# EXERCISE OBJECTIVE
The entire listing that follows must be repeated exactly, pictures excluded.

# INFORMATION SHOWN
------------------------
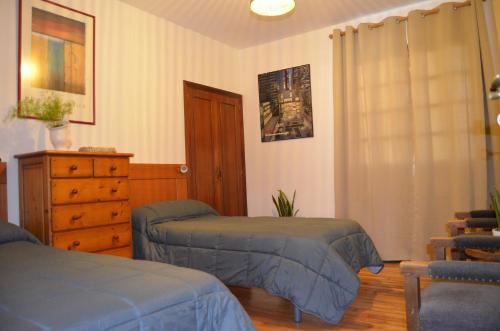 um quarto com duas camas e uma cómoda em Casa Aurora em Teo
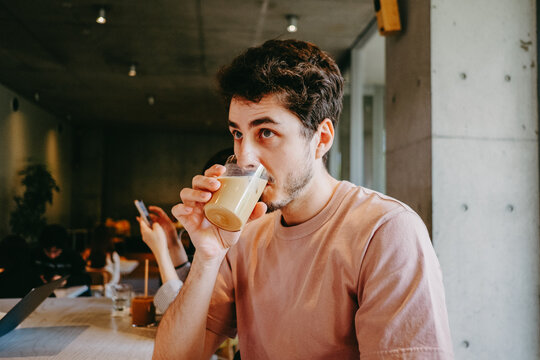 Male drinking iced coffee, in the cafeteria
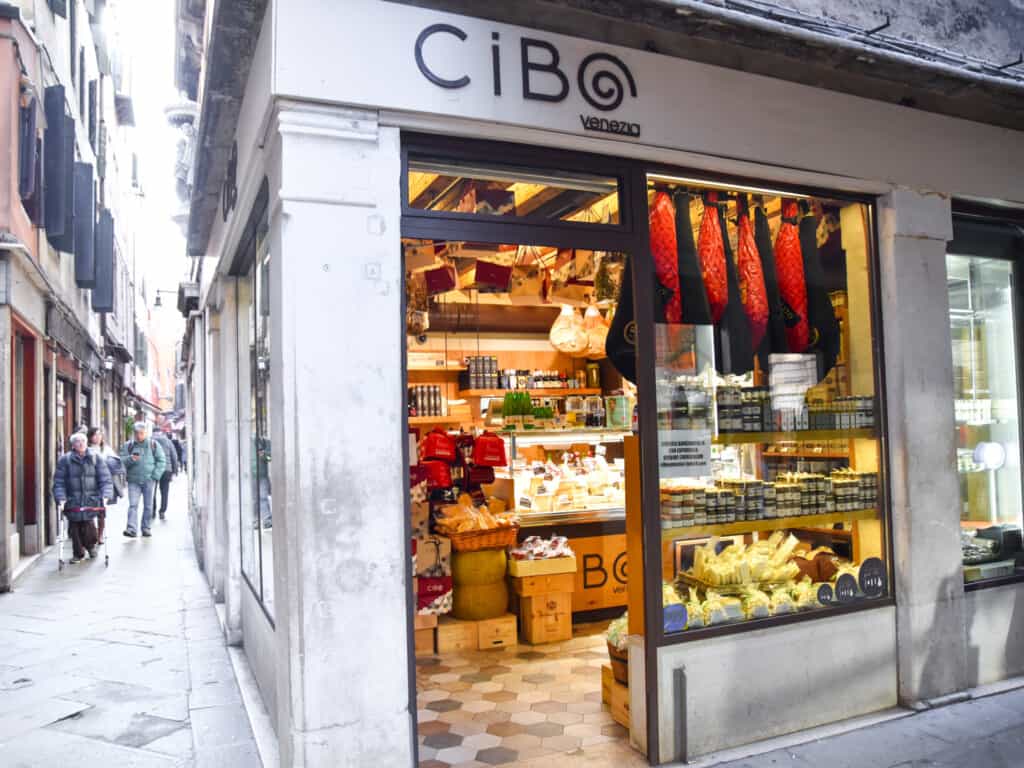 Corner shop entrance to Cibo and its food souvenirs like jarred food, prosciutto, cheeses, and more inside.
------------------------
# EXERCISE ANSWER
 um quarto com duas camas e uma cómoda em Casa Aurora em Teo
 Male drinking iced coffee, in the cafeteria
 Corner shop entrance to Cibo and its food souvenirs like jarred food, prosciutto, cheeses, and more inside.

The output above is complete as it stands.